This tree is found on sandy soils in the northern parts of Wisconsin. Its range extends down along the Wisconsin River to Iowa and Grant counties. The jack pine is unique because its resinous cones open and release seeds during a fire or from an intense, hot sun. They are the first tree to grow in the burned over area. They grow 50-70 feet tall. The trunks stay small at under 2 feet in diameter. The tree shape is conical (like a cone). It keeps dead branches on the trunk all the way to the ground. Look for dark brown bark with small scales divided by deep furrows (indented lines).
Jack pine needles are dark to yellow-green, sharply pointed and measure 1 inch long. They grow in bundles of two needles that are slightly twisted. Their cones are uniquely shaped with a wide base curving to a rounded narrow end. They are about 1 1/2 inches long, resinous, and brown when they are ripe. Sometimes they stay on the branches and don't open for many years. The seeds inside are small-winged triangular seeds that can be carried far by strong winds.

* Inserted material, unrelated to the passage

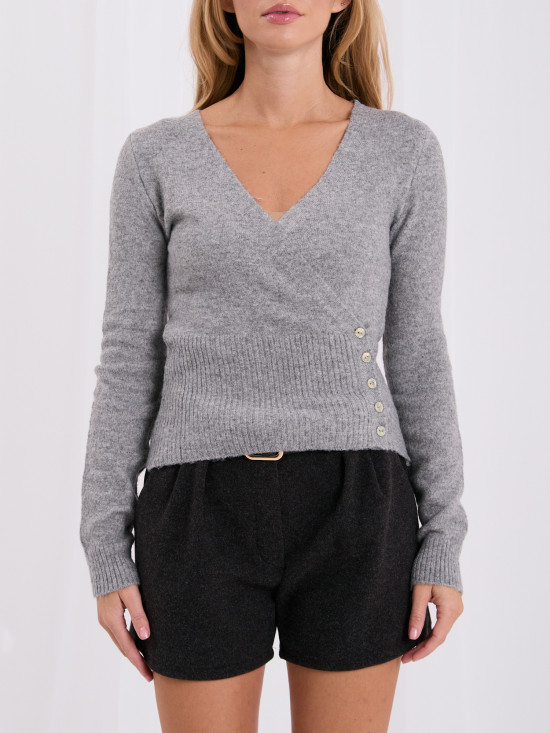 Elegancki szary sweter z kopertowym dekoltem w serek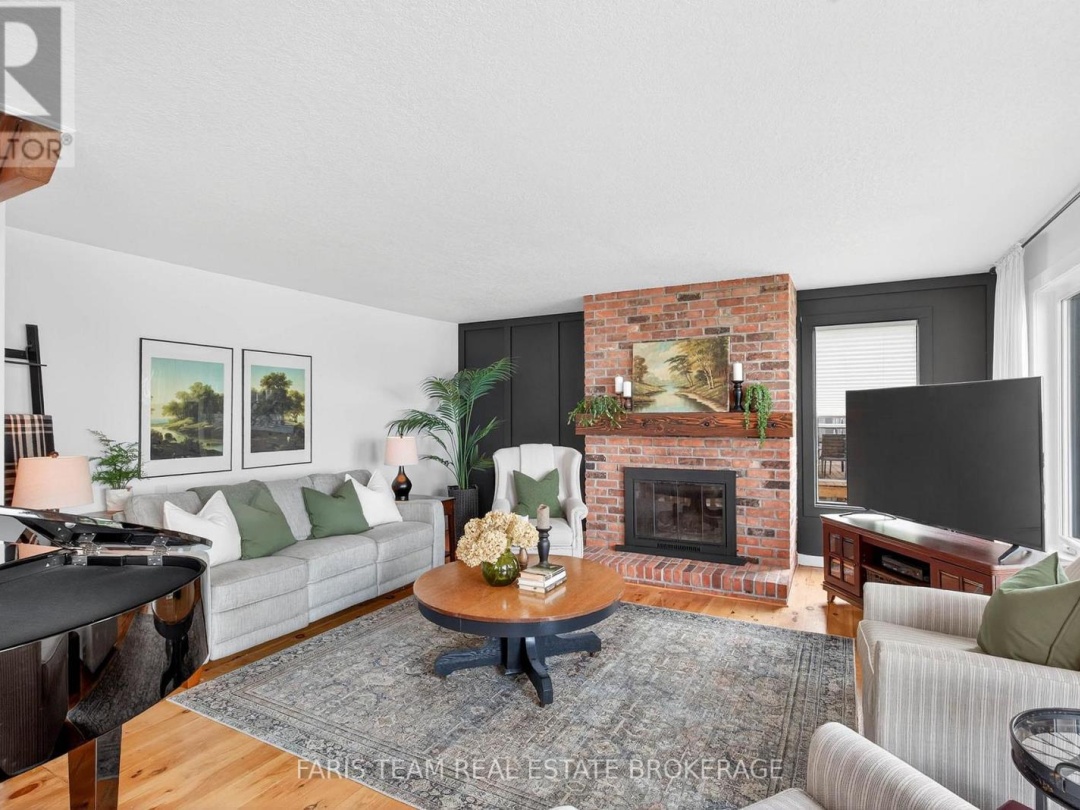 238 ROBINS POINT ROAD, Georgian Bay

Their wood is light and soft. They are used mostly for pulpwood for papermaking, but they are also used for box material and lumber. The Kirtland's warbler depends on young jack pines to provide nesting habitat. Animals that burrow live in the barren jack pine understory; mammals, snakes, salamanders and insects. Black bears like to feed in small openings in a pine forest or rest their weary bones in the cool shade. In the winter, snowshoe hares, deer, spruce grouse, and porcupines come in search of plants to browse on.